A Lidia Falcón le ha tocado poner voz a muchos resquemores de la izquierda española transicional que no acaba de encontrar su sitio en el siglo XXI, pero nos equivocaríamos al leer la beligerancia terf como una antigualla emergente de un pasado lejano: es una actitud del presente, y es la trinchera desde la que disparan jóvenes de carne y hueso que han visto en las nuevas expresiones del cuidado y el afecto un enemigo a batir y una oportunidad de negocio y de ampliar sus agendas de contactos.
Por eso no debería sorprender a nadie que desde Vox se salude la presunta expulsión de Lidia Falcón del paraíso feminista: hay en esas imprecaciones un revanchismo incurable, pero también la instrumentalización de una actitud que en nada se parece, ni de lejos, a la de los minions de Abascal. De hecho, son incompatibles: Lidia Falcón procede de un nicho ecológico profundamente dogmático, mientras que la matraca voxarra, por muy monolítica y atávica que quiera parecer, es profundamente relativista y escéptica, mucho más que el dichoso pensamiento queer que ambas posturas pretenden combatir.

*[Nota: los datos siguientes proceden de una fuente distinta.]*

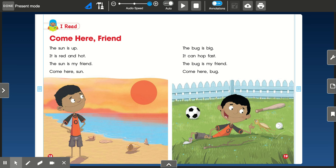All right, my friends, here is the read-aloud of Come Here, Friend in your phonics workbook starting on page 18, so I need you to get your phonics workbook out and follow along as I read.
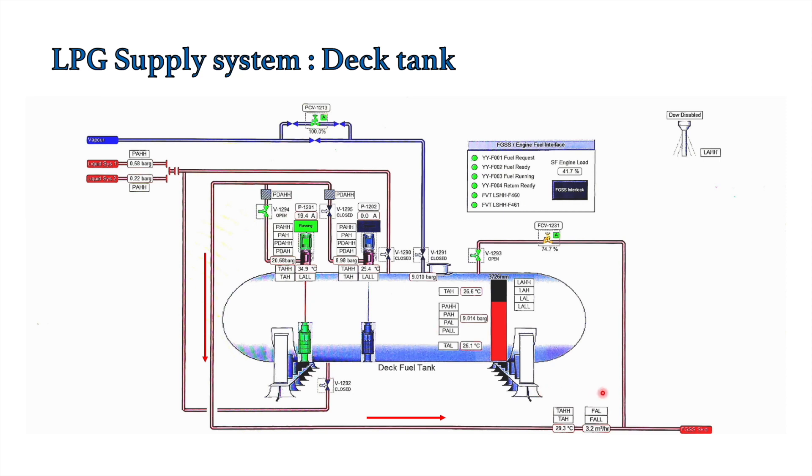After opening the spillback valve and pump discharge valve, start the pump. Monitor the flow rate. If everything goes as planned, the system will set up and flow rate will be maintained at the set pressure, which depends on the system of your ship. Currently the cargo circulates back to the deck tank since the FGSS skid inlet valve is shut. In upcoming videos we will cover the FGSS skid components and how to start the skid. Until then, enjoy and have fun.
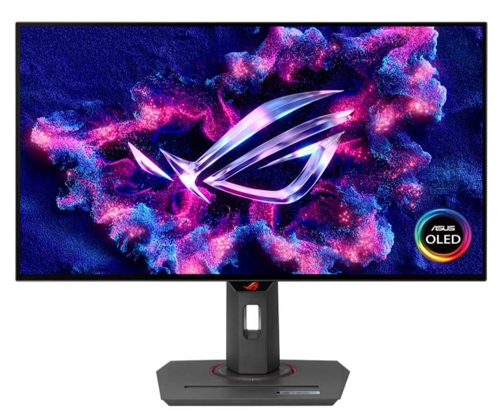The Asus ROG monitor will go on sale on May 20 at a retail price of $692. It is expected that retail outlets like JD.com will update the product page on their platform within hours ahead of going on sale. There is no global availability and pricing information yet for the product.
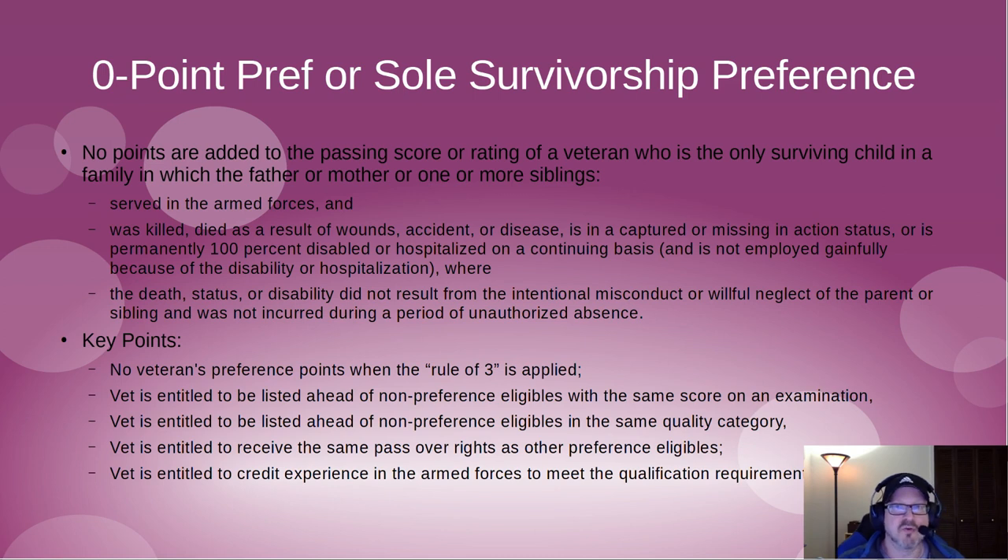Most veterans watching this video would not use sole survivorship preference. You can still be a veteran and have the benefit of applying to numerous jobs that other people cannot apply for. Importantly, with sole survivorship or zero-point preference, there are no preference points when the Rule of Three is applied.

Amplificar los sinsabores de Lidia Falcón y el terfismo solo es rentable desde la desvergüenza de la nueva extrema derecha o desde el dogmatismo incurable de la nueva-vieja izquierda: “nueva” porque sus protagonistas y portavoces aún no han cumplido los cuarenta o los rondan de esa manera desenfadada que adoptan los cuarentones cuando quieren parecer simples jóvenes curtidos, “vieja” porque se instalan, esos protagonistas y portavoces, en un estado mental que, sin ser privativo de la generación de sus abuelos, encaja más con estos que con los nietos. O quizá sea que también yo empiezo a peinar demasiadas canas, pero me cuesta entender que las Towanda Rebels puedan asentir a esta perla de Lidia Falcón con la que despedimos por hoy nuestra sección: “Has abolido las categorías de mujer y hombre, en las que se dividen todas las especies mamíferas para que sea posible la reproducción”. Puede que el crepúsculo generacional que estamos viviendo no sea el de las generaciones más viejas sino el de algunas de las más jóvenes, dispuestas a sacudirse la ansiedad ante el futuro aferrándose al glamour de los viejos dogmatismos.